The simplest index-calculus attack on discrete logarithms is the following. You have a generator $g$, a target $y$ and a bunch of small primes $\ell_1, \dots, \ell_k$. The computation proceeds in three phases.

First generate lots of relations of the form $$g^{r_i} = \prod_j \ell_j^{s_{ij}}.$$

These relations give you a set of linear equations in $r_i$, $s_{ij}$ and unknown $\log_g \ell_j$. Solve this system for the unknown $log_g \ell_j$.

Now find one relation of the form $$y g^u = \prod_j \ell_j^{v_j}.$$ From this, the logarithm of $y$ is easily recovered.

The third phase is much, much cheaper than the two first phases. Notice also that the two first phases do not involve $y$, so when you want to compute the logarithms of multiple elements, you only have to repeat the third phase.

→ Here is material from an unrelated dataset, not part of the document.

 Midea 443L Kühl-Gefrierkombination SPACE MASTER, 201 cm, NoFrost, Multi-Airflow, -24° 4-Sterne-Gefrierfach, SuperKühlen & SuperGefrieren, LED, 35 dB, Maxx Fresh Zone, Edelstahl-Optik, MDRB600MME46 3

I believe these essential characteristics are shared with the more advanced d.log.algorithms, so the cost of computing $n$ logarithms is not $n$ times the cost of computing one logarithm, but merely somewhat larger than computing one logarithm.

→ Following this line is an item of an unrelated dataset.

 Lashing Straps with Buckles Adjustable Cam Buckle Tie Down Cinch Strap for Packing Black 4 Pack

Typically, our goal is to make it impossible to compute even one logarithm, so this does not have to be a reason for using different groups. There are good reasons for everyone to use the same group. For prime finite fields, you can use carefully chosen primes that make arithmetic fast and/or secure implementation easy. For elliptic curves, you can use carefully chosen primes and curves that make arithmetic fast and/or secure implementation easy. (Note that index calculus doesn't work for elliptic curves, but I think there are speedups for Pollard $\rho$ when computing multiple discrete logarithms.)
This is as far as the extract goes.